Thursday, August 6, 2009

Disordered and Increased Adrenocorticotropin Secretion with Diminished Adrenocorticotropin Potency in Obese in Premenopausal Women

Ferdinand Roelfsema, Petra Kok, Marijke Frolich, Alberto M. Pereira and Hanno Pijl

Department of Endocrinology and Metabolic Diseases, Leiden University Medical Center, 2333ZA Leiden, The Netherlands

Address all correspondence and requests for reprints to: Dr. Ferdinand Roelfsema, Department of Endocrinology and Metabolic Diseases, Leiden University Medical Center, Albinusdreef 2, 2333ZA Leiden, The Netherlands. E-mail:


Context: The pituitary-adrenal ensemble of obese humans is marked by increased urinary excretion of cortisol and its metabolites in the face of normal circulating cortisol levels. For better understanding of the (patho) physiological meaning of these changes, the mechanistic underpinnings need to be clarified.


Intervention and Methods: We investigated 17 obese women [body mass index (BMI) 30–39.4 kg/m2] and 14 normal women (BMI, 18.3–24.8 kg/m2) who underwent 24-h blood sampling at 10-min intervals, and plasma ACTH and cortisol concentrations were measured with sensitive assays. Data were analyzed with a new deconvolution program, approximate entropy (ApEn) analyses, and cosinor regression.

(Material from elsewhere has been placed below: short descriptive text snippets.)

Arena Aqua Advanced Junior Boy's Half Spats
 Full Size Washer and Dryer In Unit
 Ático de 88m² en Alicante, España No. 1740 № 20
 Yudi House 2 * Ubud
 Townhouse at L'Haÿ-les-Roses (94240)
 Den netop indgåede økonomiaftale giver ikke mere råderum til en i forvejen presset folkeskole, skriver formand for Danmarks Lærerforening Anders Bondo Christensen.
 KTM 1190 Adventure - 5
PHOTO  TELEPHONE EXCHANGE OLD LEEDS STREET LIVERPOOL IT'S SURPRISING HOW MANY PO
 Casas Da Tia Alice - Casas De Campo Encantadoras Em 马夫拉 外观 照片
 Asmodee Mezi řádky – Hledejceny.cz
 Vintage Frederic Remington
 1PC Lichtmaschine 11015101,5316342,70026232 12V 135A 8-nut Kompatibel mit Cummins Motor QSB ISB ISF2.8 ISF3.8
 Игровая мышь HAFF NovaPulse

Outcome: ACTH and cortisol production rates were higher in obese women than in controls and correlated with BMI. Secretion of ACTH correlated with leptin (R = 0.63; P = 0.0001) and insulin (R = 0.67; P = 0.0001). ACTH ApEn and forward ACTH-cortisol cross-ApEn were diminished in obese women. The half-maximal effective concentration (ED50) of ACTH pulses vs. cortisol pulses was higher in obese women (38.3 ± 4.9 vs. 25.1 ± 3.7 ng/liter; P = 0.03), indicating decreased potency of ACTH. The diurnal properties of ACTH and cortisol secretion were unchanged in obese females.


Conclusion: Obese women exhibit enhanced ACTH and cortisol 24-h production compared with lean controls. The amplified ACTH drive is accompanied by decreased secretory regularity and diminished forward coupling between ACTH and cortisol. In addition, the potency of ACTH is decreased in obesity.